II. Maintenance as "Ally."
Finally, as an alternative ground for its holding, the Court finds, on the facts of this case, that Maintenance was not in any event a neutral party entitled to complain of a secondary boycott. The courts have long recognized the so-called "ally doctrine" under which a party who takes over "struck work" from a primary employer involved in a labor dispute becomes himself so directly involved in the primary dispute that he loses his neutrality and may no longer invoke the protective mantle of congressional policy against secondary boycotts to shield his own involvement. Douds v. Metropolitan Federation of Architects, 75 F. Supp. 672 (S.D.N.Y. 1948); Laborer's Local 859 v. NLRB, 144 U.S. App. D.C. 318, 446 F.2d 1319 (1971); see also, Woodwork Manufacturers v. NLRB, 386 U.S. 612, 627, 87 S. Ct. 1250, 18 L. Ed. 2d 357 (1967). While this doctrine appears to have been confined in the past to situations where a strike is actually in progress between union and primary employer before the "ally" takes over work which would otherwise be performed by the union, the rationale of the "ally doctrine" is nonetheless applicable to the particular facts of this case.
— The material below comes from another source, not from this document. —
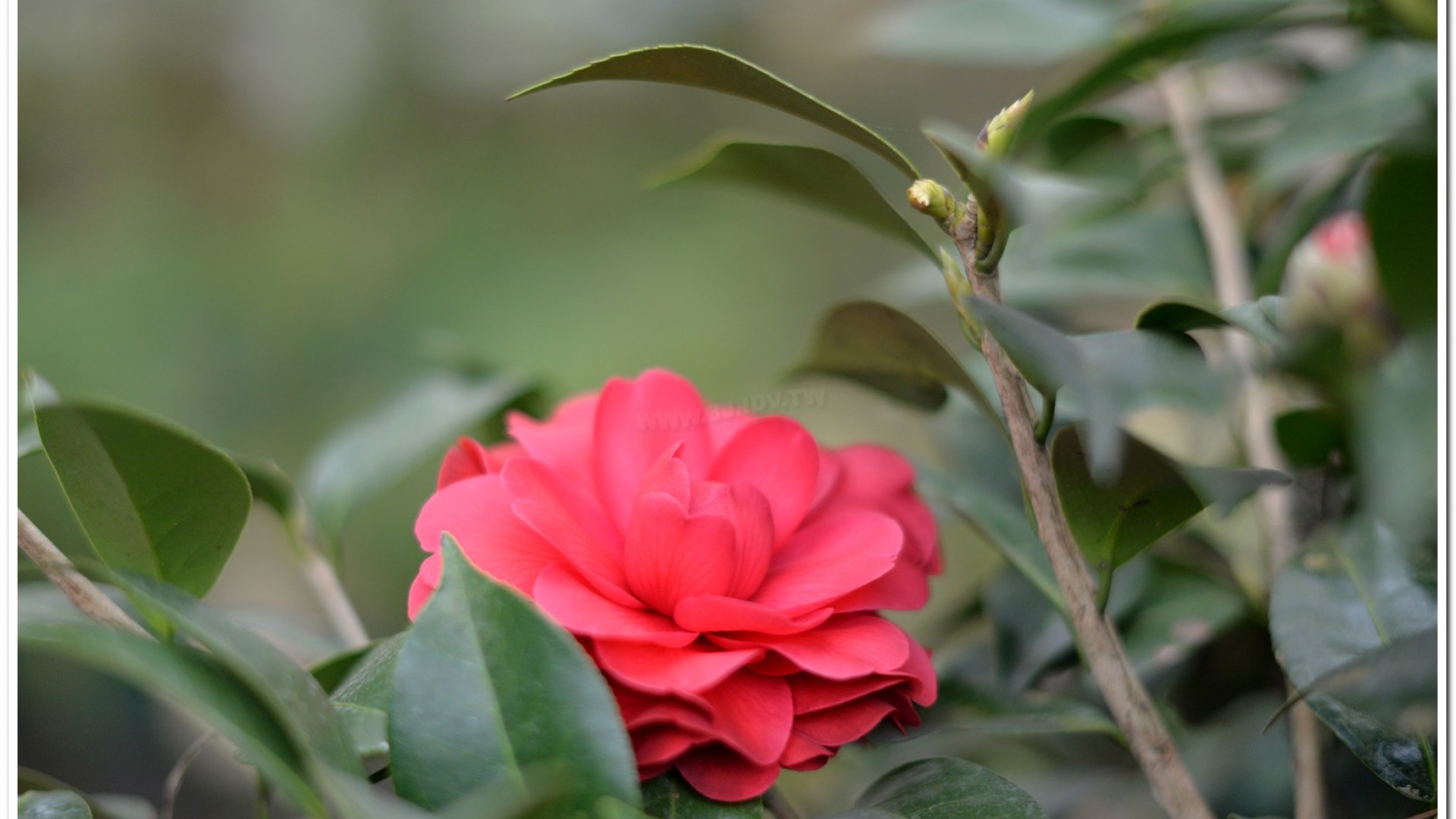 2016杉林溪鬱金香花季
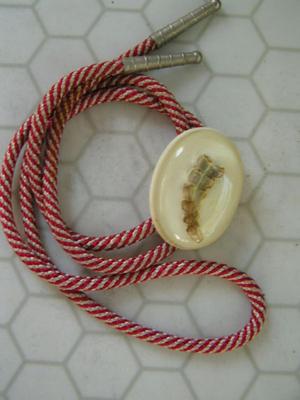 Bolo tie, w/ rattle snakes rattle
The evidence showed that within a few days after Local 82 notified Ring of its desire to renegotiate the terms of their contract, Ring subcontracted out the bulk of the work being performed by the Union to Maintenance. Implicit in the demand by Local 82 for renegotiation was a threat to use economic power in the form of a strike if a new contract could not be reached through collective bargaining. Rather than allowing this process to run its course, Ring sought to short-circuit it by contracting out the bulk of the work previously done by members of Local 82.
Furthermore, the evidence showed that Maintenance, if not indeed an active co-participant in the plan, was at least well aware of it.
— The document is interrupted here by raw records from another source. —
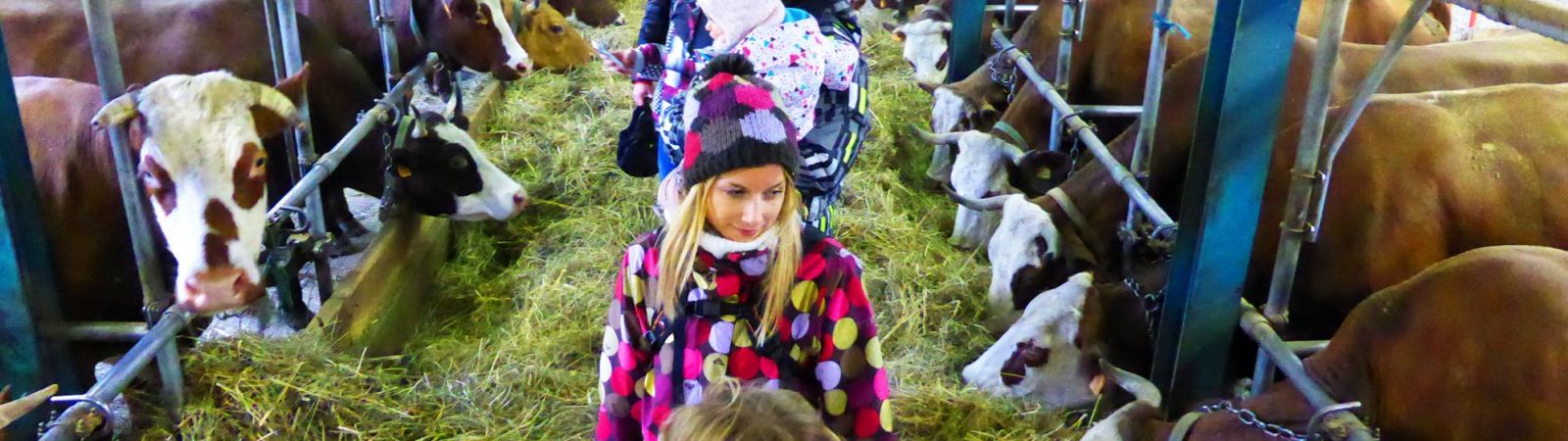 Traite des vaches en raquettes – randonnée patrimoine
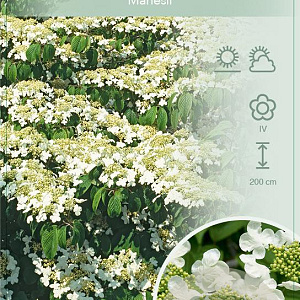 Viburnum plic. 'Mariesii' 60-80 cm 12L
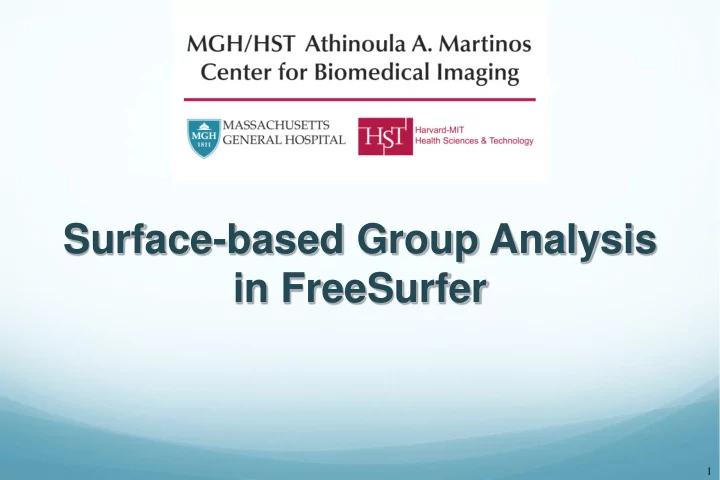 surface based group analysis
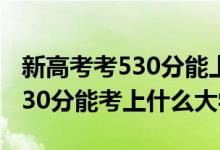 新高考考530分能上什么大學（2022年高考530分能考上什么大學）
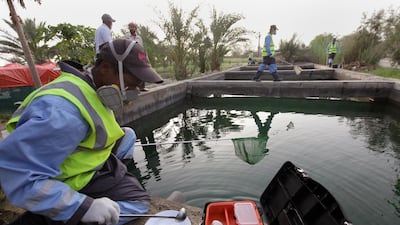 Workers from Eagle, an environmental services and pest control company, look for mosquitos in the irrigation water of a farm in Al Bahia town. Jaime Puebla / The National
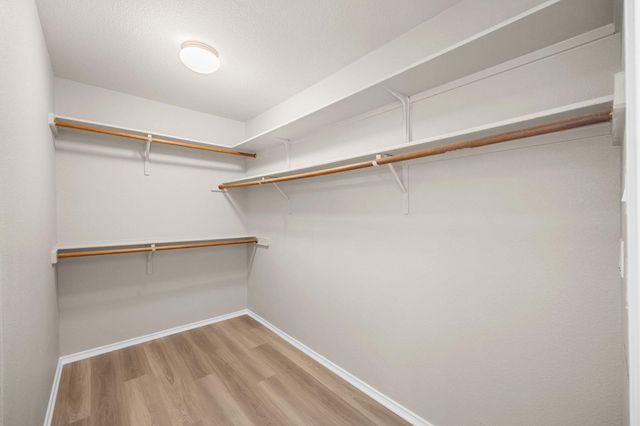 8133 Luling LN, Austin, TX 78729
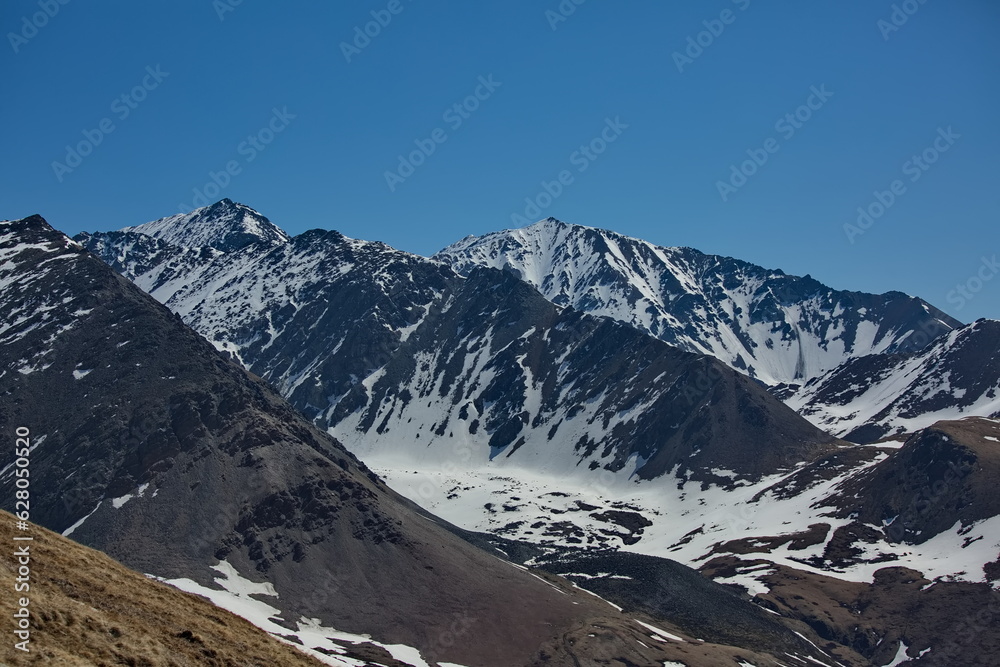 On Mount Lysukha near the village of Aktash in June, Altai.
Had the process of bargaining on the request of Local 82 for contract renegotiation run its course of impasse, and had the Union struck before Maintenance was brought in to take over the work previously performed by striking union members, there can be no doubt under the decided cases that Maintenance would have been an "ally" unable to complain of a "secondary boycott." Rather than allowing events to follow that course, however, Ring, with the full knowledge and concurrence of Maintenance, pre-empted the process by bringing in Maintenance to take over the union work at the mere threat to invoke economic power which was implicit in the request by Local 82 for renegotiation.
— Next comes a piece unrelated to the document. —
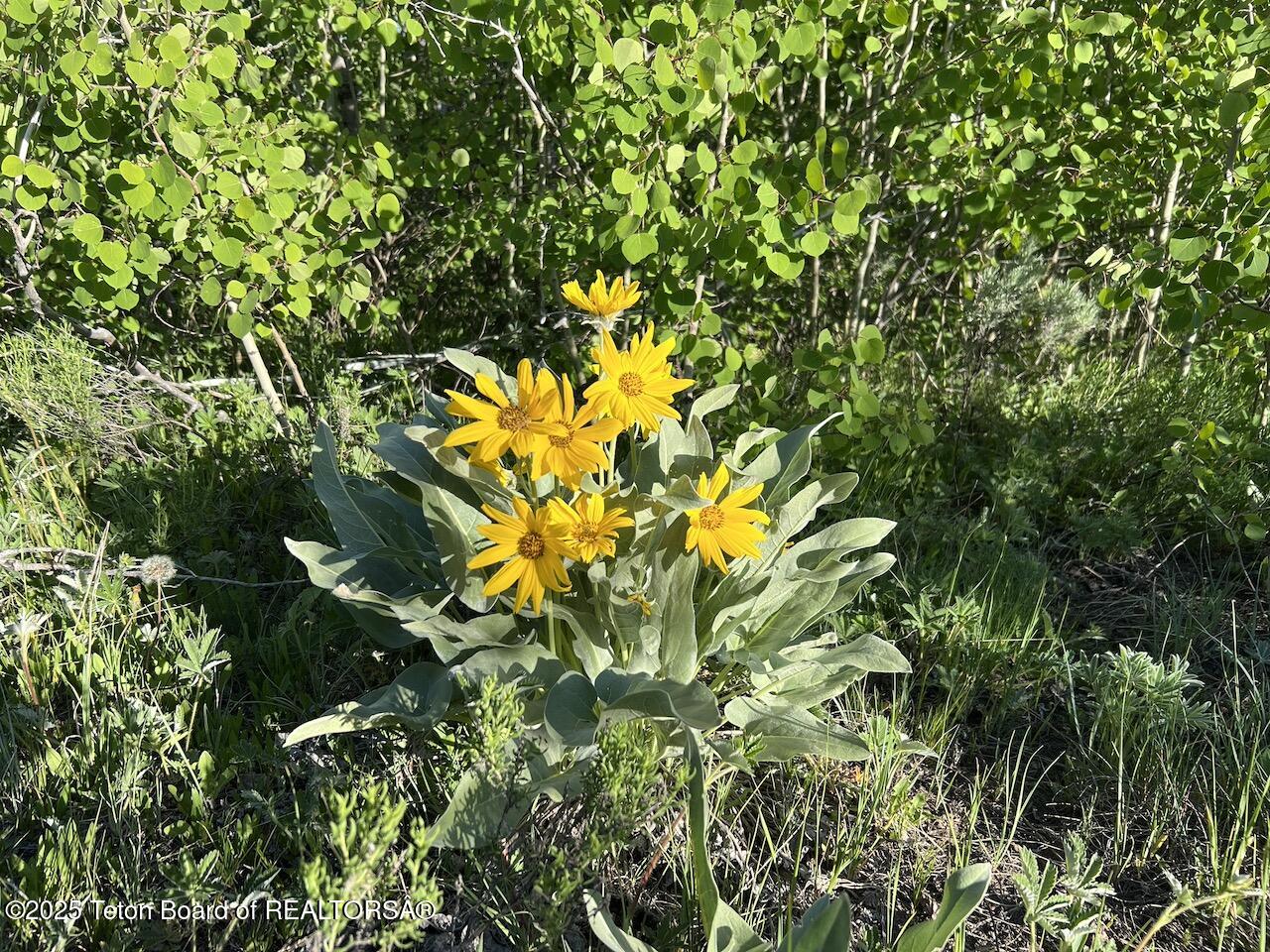 TBD VISTA RIDGE LANE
The "ally doctrine" has the salutary purpose of preventing congressional solicitude for the rights of neutrals from becoming perverted into a device for vitiating the protected rights of union members to bargain, and if need be, to strike; it cannot be subverted by formal requirements which ignore the underlying realities.
Therefore, on the facts of this case, where a primary employer seeks to avoid imminent bargaining by subcontracting out work which would otherwise be performed by union members, and at least where the record also indicates that the subcontractor was a knowing party to such a plan, the Court holds that the subcontractor has become an "ally" who has injected himself into the primary dispute to such an extent that he can no longer seek damages for the threat of a secondary boycott.
Judgment is entered for defendant. Defendant's request for counsel fees is denied.